The dictionary, Faclair na Gaidhlig, aims to document the history, development and usage of every single word in the language.
The Scottish Government gave £2 million to the project, managed by the Scottish Funding Council (SFC), in 2013 and has now invested £2.5 million in the next phase.
SFC said many students and Gaelic speakers rely on Edward Dwelly's Illustrated Gaelic English Dictionary, first published between 1901 and 1911, despite other resources being made available since then.
Sabhal Mor Ostaig, the national centre for Gaelic language and culture, on Skye, is working with Aberdeen, Edinburgh, Glasgow and Strathclyde universities on the comprehensive new dictionary.
Deputy First Minister John Swinney, said: "As minister with responsibility for Gaelic, I have been impressed by the work which has gone into this project to date and look forward to seeing it continue into its next phase."
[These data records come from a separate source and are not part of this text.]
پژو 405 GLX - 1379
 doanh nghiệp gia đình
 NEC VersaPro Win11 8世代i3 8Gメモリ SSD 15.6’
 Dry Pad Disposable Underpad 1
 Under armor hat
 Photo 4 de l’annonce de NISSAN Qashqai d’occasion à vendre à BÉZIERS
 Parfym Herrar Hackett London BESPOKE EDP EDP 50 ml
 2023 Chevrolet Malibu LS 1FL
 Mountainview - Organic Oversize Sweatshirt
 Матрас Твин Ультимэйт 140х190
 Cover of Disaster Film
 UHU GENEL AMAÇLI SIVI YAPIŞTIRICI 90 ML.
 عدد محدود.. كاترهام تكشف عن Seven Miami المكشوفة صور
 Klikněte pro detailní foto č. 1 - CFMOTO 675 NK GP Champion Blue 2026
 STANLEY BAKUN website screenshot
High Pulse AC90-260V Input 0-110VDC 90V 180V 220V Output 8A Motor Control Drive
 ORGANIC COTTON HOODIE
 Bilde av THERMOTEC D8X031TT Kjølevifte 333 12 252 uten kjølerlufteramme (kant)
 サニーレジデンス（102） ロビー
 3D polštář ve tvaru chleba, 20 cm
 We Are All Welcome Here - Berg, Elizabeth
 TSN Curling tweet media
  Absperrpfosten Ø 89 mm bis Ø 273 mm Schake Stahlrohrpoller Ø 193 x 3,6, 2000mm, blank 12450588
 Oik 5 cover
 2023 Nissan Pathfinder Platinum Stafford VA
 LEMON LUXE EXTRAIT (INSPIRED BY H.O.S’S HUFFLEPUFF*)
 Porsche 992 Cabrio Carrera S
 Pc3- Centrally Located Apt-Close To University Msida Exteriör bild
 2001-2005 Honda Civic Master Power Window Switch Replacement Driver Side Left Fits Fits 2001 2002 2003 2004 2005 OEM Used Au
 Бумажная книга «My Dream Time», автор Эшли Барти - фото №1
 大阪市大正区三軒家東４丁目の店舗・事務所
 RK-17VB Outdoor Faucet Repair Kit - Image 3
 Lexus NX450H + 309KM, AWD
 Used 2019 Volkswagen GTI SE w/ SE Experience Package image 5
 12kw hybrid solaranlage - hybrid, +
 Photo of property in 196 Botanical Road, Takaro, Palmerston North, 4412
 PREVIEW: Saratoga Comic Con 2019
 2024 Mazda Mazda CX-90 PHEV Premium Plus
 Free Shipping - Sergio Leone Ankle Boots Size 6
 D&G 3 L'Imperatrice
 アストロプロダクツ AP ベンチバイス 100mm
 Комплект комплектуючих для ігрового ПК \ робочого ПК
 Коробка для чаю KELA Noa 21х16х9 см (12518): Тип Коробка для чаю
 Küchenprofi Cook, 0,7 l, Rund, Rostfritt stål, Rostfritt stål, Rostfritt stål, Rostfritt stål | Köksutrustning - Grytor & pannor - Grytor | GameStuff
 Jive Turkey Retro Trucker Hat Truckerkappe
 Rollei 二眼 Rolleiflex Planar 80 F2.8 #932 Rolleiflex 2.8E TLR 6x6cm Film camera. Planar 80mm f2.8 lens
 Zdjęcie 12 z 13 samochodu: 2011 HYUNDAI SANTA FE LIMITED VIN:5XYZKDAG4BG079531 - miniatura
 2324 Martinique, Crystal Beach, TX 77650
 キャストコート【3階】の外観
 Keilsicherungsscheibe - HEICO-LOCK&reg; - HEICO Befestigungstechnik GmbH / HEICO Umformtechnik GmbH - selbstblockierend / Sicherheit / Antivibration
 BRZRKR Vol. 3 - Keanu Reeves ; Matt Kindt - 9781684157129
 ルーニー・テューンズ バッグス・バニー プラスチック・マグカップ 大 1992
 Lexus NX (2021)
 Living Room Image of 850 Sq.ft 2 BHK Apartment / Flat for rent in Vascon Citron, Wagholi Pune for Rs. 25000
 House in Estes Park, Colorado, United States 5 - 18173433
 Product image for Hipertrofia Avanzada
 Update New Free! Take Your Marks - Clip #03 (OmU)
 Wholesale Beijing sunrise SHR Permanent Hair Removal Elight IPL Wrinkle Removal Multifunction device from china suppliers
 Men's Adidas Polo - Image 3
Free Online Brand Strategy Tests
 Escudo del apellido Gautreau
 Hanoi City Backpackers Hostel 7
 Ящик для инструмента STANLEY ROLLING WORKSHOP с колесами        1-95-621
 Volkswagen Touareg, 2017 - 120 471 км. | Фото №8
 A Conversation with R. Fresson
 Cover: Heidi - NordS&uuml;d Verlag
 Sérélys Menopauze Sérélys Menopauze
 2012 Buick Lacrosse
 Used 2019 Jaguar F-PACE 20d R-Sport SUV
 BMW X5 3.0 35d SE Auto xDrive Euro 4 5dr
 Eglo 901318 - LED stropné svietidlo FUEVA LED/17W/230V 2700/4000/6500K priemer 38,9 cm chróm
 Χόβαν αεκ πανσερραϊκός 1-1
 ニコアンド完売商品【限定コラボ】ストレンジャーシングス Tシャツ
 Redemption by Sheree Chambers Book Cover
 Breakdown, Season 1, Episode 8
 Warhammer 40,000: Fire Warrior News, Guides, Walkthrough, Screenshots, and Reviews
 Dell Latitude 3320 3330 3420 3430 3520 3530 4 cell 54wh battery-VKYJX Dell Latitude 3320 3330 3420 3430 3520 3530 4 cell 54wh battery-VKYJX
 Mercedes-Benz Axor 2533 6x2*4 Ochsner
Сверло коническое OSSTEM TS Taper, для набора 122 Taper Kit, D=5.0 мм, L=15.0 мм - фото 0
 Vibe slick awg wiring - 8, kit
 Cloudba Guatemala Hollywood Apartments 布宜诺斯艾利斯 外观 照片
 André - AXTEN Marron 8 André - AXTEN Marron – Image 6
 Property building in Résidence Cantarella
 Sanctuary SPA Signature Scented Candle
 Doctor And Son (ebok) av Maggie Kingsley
He added: "This kind of collaboration will support our commitment to the Gaelic language and ensure it has a sustainable future in Scotland."
SFC interim chief executive John Kemp said: "The new dictionary will go beyond language and into Gaelic culture and heritage.
"It will fuel the growth and expansion of Gaelic education at all ages and stages.
"As well as its relevance to today's speakers and students of Gaelic, Faclair na Gaidhlig will be an important resource for many generations to come."